Employers and Minimum Wage Requirements

Minimum Wage 300x221 - Employers and Minimum Wage Requirements

It is extremely important for employers to be aware of the national minimum wage rate. By law employees must be paid the minimum wage for difference kinds of jobs under relevant Industry Awards. It is okay to pay employees more than the minimum wage, however some employers are paying less which can come back to bite them. Many employers can become complacent or even unaware of the minimum requirements, and this can lead to unwanted problems for the business.

Finding the right award can be difficult and time consuming for many employers, however it is in their best interest to ensure employees are being paid the minimum award rate. The Industry Awards can be found on the Fair Work website under the industry in which you business is conducted. This can be confusing at times for employers to find the correct Award for a particular role. Yet, it would be in their best interest to seek further advice to ensure they are paying their employees correctly.
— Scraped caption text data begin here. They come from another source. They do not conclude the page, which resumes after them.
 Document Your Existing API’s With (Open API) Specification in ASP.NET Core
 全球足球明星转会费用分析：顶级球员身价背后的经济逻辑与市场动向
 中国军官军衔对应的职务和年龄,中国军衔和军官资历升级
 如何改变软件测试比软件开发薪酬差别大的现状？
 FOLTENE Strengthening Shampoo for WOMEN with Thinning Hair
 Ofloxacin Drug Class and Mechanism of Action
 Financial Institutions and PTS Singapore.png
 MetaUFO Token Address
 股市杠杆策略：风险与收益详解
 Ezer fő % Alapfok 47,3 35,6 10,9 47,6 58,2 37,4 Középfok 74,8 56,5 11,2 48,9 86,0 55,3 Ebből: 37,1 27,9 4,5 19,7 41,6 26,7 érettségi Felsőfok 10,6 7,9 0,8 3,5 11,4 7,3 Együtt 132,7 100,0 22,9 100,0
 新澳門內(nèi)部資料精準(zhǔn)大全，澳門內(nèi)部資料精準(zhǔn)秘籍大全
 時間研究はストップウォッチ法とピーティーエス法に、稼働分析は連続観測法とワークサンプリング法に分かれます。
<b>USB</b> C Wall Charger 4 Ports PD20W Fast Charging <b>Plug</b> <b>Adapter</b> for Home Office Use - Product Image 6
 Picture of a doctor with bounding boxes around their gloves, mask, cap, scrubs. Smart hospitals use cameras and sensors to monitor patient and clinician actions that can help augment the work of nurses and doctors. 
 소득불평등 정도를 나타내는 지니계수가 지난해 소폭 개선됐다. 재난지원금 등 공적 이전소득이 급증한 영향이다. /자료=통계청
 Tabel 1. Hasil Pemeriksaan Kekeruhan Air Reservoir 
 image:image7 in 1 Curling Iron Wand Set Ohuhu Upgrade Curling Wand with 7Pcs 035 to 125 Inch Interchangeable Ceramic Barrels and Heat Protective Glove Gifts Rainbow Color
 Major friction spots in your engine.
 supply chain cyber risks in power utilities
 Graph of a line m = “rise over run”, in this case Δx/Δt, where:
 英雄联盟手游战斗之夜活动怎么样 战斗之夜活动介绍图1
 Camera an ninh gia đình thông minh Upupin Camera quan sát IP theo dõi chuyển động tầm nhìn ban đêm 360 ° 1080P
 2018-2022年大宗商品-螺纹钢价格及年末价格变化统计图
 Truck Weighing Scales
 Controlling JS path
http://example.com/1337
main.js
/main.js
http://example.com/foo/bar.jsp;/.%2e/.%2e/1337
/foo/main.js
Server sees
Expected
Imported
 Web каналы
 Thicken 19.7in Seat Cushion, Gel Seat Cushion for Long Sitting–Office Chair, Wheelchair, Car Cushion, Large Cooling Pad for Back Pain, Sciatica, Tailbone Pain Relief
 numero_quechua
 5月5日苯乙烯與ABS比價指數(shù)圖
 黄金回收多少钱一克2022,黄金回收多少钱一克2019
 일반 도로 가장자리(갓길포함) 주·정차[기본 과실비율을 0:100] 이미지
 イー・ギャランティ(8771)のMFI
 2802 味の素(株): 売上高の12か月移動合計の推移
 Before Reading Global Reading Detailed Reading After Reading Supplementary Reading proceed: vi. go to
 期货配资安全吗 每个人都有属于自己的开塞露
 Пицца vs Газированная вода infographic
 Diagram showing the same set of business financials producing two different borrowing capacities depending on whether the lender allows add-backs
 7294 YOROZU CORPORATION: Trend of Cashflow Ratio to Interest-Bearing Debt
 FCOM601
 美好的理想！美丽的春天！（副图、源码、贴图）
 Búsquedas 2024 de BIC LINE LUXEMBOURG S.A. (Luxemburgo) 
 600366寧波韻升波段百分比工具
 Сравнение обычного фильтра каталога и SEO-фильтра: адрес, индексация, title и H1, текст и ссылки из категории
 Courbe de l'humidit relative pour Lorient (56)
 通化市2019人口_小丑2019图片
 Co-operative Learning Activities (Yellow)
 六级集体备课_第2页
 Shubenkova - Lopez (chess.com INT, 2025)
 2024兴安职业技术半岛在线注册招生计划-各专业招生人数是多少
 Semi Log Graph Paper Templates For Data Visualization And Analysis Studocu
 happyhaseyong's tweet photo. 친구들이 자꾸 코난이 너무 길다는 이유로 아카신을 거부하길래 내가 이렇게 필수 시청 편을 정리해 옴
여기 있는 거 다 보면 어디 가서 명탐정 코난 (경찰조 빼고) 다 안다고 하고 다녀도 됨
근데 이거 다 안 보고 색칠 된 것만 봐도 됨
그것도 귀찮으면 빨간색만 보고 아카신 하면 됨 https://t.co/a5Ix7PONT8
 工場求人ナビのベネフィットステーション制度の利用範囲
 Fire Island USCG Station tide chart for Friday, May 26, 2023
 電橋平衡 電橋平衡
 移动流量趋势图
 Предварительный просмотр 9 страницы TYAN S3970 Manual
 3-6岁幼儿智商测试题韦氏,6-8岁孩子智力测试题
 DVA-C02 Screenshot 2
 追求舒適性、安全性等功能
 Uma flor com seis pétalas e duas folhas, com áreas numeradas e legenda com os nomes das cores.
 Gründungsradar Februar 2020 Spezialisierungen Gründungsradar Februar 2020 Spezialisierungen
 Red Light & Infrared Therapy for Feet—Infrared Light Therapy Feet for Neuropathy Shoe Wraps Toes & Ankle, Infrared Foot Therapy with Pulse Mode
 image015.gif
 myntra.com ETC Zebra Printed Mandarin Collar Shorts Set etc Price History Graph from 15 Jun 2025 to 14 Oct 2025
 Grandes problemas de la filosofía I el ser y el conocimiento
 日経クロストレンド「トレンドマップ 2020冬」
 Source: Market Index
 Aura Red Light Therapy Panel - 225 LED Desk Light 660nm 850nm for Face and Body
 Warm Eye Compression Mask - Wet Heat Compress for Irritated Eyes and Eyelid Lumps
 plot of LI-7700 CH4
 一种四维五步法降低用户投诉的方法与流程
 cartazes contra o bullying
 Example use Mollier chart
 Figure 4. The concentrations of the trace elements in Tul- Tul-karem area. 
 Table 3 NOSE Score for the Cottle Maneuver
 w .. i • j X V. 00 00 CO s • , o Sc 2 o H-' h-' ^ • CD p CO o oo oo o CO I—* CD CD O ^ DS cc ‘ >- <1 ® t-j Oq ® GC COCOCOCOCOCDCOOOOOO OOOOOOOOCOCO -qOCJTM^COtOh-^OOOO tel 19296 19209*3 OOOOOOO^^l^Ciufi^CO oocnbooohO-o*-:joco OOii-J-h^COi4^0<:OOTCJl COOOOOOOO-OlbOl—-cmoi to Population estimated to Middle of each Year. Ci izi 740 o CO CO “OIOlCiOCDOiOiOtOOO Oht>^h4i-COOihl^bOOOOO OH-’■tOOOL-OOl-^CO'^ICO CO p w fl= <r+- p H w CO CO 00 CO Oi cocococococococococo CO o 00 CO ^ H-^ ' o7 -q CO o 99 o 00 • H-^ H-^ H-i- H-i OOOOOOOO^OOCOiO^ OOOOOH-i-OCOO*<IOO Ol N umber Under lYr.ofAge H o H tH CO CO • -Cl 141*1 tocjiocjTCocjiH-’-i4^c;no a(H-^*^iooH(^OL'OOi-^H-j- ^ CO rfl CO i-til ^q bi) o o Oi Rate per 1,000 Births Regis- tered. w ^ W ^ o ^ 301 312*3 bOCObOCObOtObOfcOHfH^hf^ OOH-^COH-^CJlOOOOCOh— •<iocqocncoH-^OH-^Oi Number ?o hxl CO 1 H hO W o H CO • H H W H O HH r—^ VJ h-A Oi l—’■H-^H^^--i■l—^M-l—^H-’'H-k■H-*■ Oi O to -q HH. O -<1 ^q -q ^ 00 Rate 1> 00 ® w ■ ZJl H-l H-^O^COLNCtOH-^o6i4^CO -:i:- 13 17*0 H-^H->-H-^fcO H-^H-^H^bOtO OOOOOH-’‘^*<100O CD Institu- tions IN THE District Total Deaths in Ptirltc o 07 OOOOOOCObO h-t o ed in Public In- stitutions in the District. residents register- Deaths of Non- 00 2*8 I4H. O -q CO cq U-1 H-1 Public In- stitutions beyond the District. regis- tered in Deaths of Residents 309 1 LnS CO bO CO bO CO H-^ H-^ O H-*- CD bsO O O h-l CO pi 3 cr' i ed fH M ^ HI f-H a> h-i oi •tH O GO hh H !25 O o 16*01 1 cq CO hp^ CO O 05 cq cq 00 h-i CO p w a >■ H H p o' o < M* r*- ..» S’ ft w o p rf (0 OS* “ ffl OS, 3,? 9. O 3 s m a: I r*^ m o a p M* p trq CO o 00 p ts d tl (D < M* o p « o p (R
It should be noted that different pay rates apply to casuals, who receive 25% loading on top of the minimum wage to make up for not receiving annual leave or personal and sick leave. Juniors, who are usually under the age of 21, will generally receive a lower wage which is calculated as a percentage of the relevant adult pay rate. Another important fact to remember is that employees must be paid correctly for all hours they work. This includes time spent training, in meetings, opening and closing the business and in some cases doing a trail shift.

Employers must be responsible for checking minimum wage rates on a yearly basis as each year the Fair Work Commission reviews the national minimum wage and pay rates under awards. The changes made will be published and begin from July, meaning that employers must pay their employees the correct wage from the first full pay period on or after 1st July.

There have been previous incidences where over a period of time employers have paid their employees below the minimum wage. Once this has been noted by the employee it has resulted in the business having to back pay. Being that it is generally a lump sum of money that is owed, it can be quite difficult for the employer, especially if running a small business, to acquire this money in a short period of time.

Overall, it is in the best interest of the business to continually check minimum wage rates to ensure every employee is being paid correctly. Whether they are full-time, part-time, casual or juniors, employers have a duty to ensure they are paying their employees correctly.